Sec. 7491 is effective with respect to court proceedings arising in connection with examinations by the Commissioner commencing after July 22, 1998, the date the Internal Revenue Service Restructuring and Reform Act of 1998, Pub. L. 105-206, sec. 3001, 112 Stat. 726, was enacted. Although the examinations for these cases began on Aug. 5, 1999, for 1996 through 1998 and on Apr. 4, 2002, for 1999 through 2000, these cases were submitted fully stipulated. Therefore, no facts are in dispute, and we decide these cases without regard to the burden-shifting rule of sec. 7491(a)(1).

These two cases were consolidated for trial, briefing, and opinion in an order from this Court dated May 15, 2003.

A debtor’s assets, with exceptions not applicable here, become property of the bankruptcy estate when the debtor files the bankruptcy petition. 11 U.S.C. sec. 541 (2000).

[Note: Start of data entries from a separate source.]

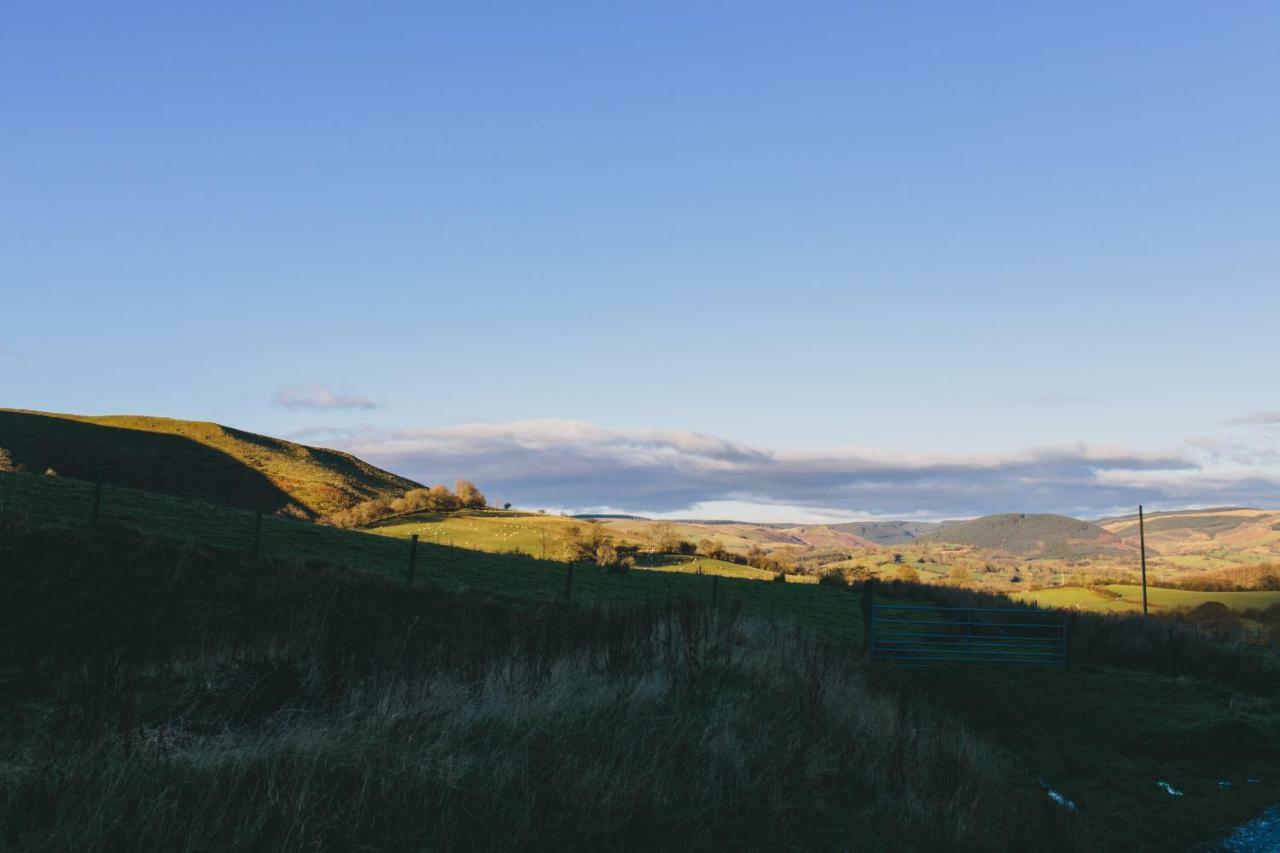 Owl Barn At Penygaer Great Views Of Brecon Beacons Villa Llandovery Buitenkant foto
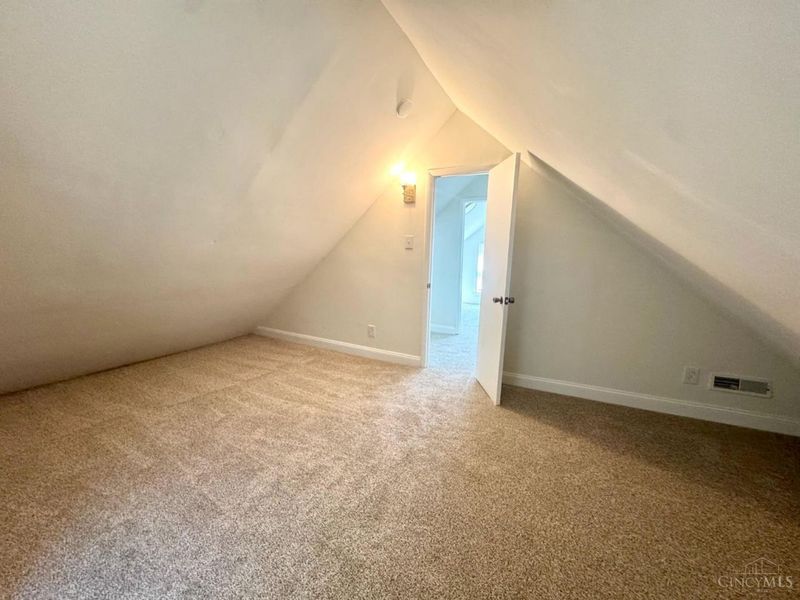 1600 Brewster, Cincinnati, OH 45207 Photo 26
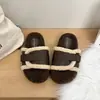 Pantuflas retro peludas para mujer, nuevo modelo otoño e invierno 2026, pantuflas de algodón tipo slip-on gruesas y versátiles de moda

The record does not reflect financing information for Kuma. We assume that petitioner used portions of the Citibank loan to finance the operation of Kuma as well.

The pro rata portion is computed by assigning to each day an equal share of the loss for the year. Sec. 1377(a)(1).

The parties stipulated that petitioner made the election under sec. 172(b)(3) to forgo the carryback period and carry forward the losses. The years 1990 through 1995 are not before us.

The notice of deficiency for 1996, 1997, and 1998 was issued on Mar. 20, 2002, and the notice of deficiency for 1999 and 2000 was issued on Nov. 22, 2002.

The parties stipulated that petitioner did not elect to bifurcate the 1990 tax year into short, prepetition and postpetition, years pursuant to sec. 1398(d)(2).